Нарисованные дополнительно к родителям (или вместо них), не связанные с семьей взрослые указывают на восприятие неинтегра-тивности семьи, на поиск человека, способного удовлетворить потреб­ность ребенка в близких эмоциональных контактах. В некоторых слу­чаях - на символическое разрушение целостности семьи, месть ро­дителям вследствие ощущения отверженности, ненужности.


Расположение членов семьи на рисунке указывает на некоторые психологические особенности взаимоотношений в семье. Сам ана­лиз расположения по своему содержанию созвучен с проксемической оценкой группы людей, с той разницей, что рисунок - это симво­лическая ситуация, создание и структурация которой зависят только от одного человека - автора рисунка. Это обстоятельство делает не­обходимым (как и при других аспектах анализа) различать, что отра­жает рисунок: субъективно реальное (воспринимаемое), желаемое или то, чего ребенок боится, избегает.


Сплоченность семьи, рисование членов семьи с соединенными руками, объединенность их в общей деятельности являются индика­торами психологического благополучия, восприятия интегративности семьи, включенности в семью.
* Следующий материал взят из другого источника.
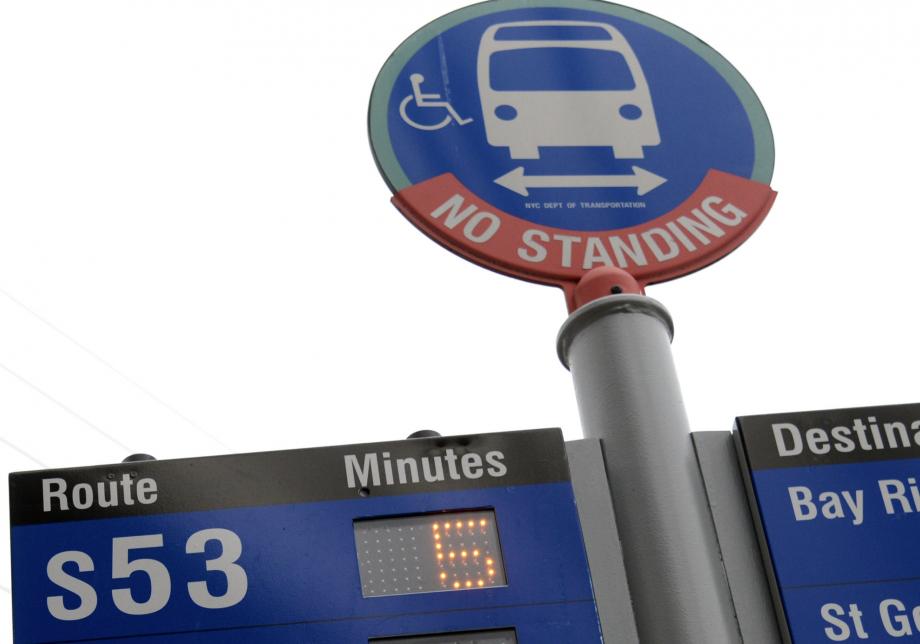 A blue, white, and red sign with a white icon on top and the "S53" down below. 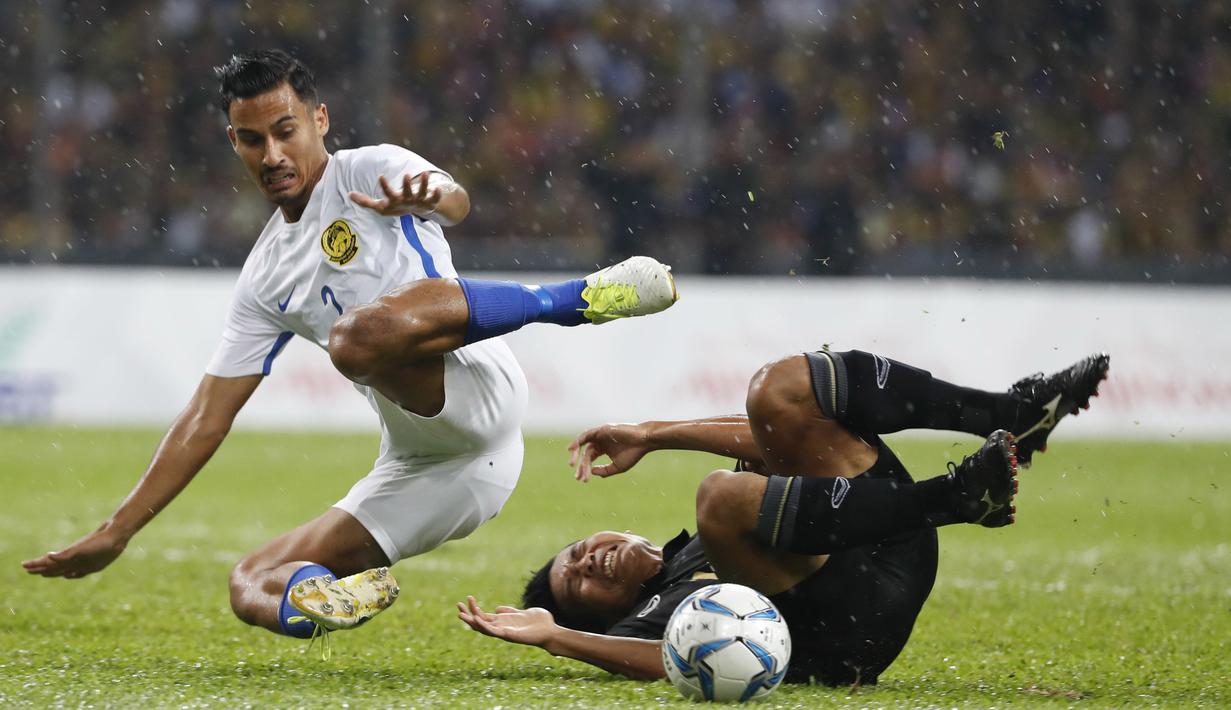 Pemain Malaysia, Muhammad Danial Amier Norhisham (kiri) berebut bola dengan pemain Thailand, Phitiwat Sookjitthummakul pada final sepak bola putra SEA Games 2017 di Stadion Shah Alam, Malaysia (29/8/2017). Thailand menang 1-0. (AP/Vincent Thian)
Рисунки с противоположными ха­рактеристиками (разобщенностью членов семьи) могут указывать на низкий уровень эмоциональных связей. Осторожности в интерпрета­ции требуют те случаи, когда близкое расположение фигур обуслов­лено замыслом поместить членов семьи в ограниченное простран­ство (лодку, маленький домик и т. п.). Тут близкое расположение мо­жет, наоборот, говорить о попытке ребенка объединить, сплотить се­мью (для этой цели ребенок прибегает к внешним обстоятельствам, так как чувствует тщетность такой попытки).


Психологически интереснее те рисунки, на которых часть семьи расположена в одной группе, а один или несколько членов семьи -отдаленно. Если отдаленно ребенок рисует себя, это указывает на чув­ство невключенности, отчужденности. В случае отделения другого члена семьи можно предполагать негативное отношение ребенка к нему, иногда - наличие угрозы, исходящей от него. Часты случаи, когда такая презентация связана с реальным отчуждением члена семьи, с малой его значимостью для ребенка.
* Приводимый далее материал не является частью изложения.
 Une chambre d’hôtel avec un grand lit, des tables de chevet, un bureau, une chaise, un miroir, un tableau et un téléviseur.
Расположение членов семьи на рисунке иногда помогает выде­лить психологические микроструктуры семьи, коалиции. Так, напри­мер, девочка 6 лет нарисовала себя рядом с матерью, а в отдельной группе - отца с братом, иллюстрируя таким образом существующую в этой семье конфронтацию на почве ролевых несовпадений «муже­ственности» и «женственности».


Как указывалось выше, ребенок может выражать эмоциональные связи в рисунке посредством физических расстояний. То же значение имеет и отделение членов семьи объектами, деление рисунка на ячей­ки, по которым распределены члены семьи. Такие презентации ука­зывают на слабость позитивных межперсональных связей.


Анализ особенностей графических презентаций отдельных чле­нов семьи может дать информацию большого диапазона: об эмоциональном отношении ребенка к отдельному члену семьи, о том, как ребенок его воспринимает, об «Я-образе» ребенка, его половой иден­тификации и т. д.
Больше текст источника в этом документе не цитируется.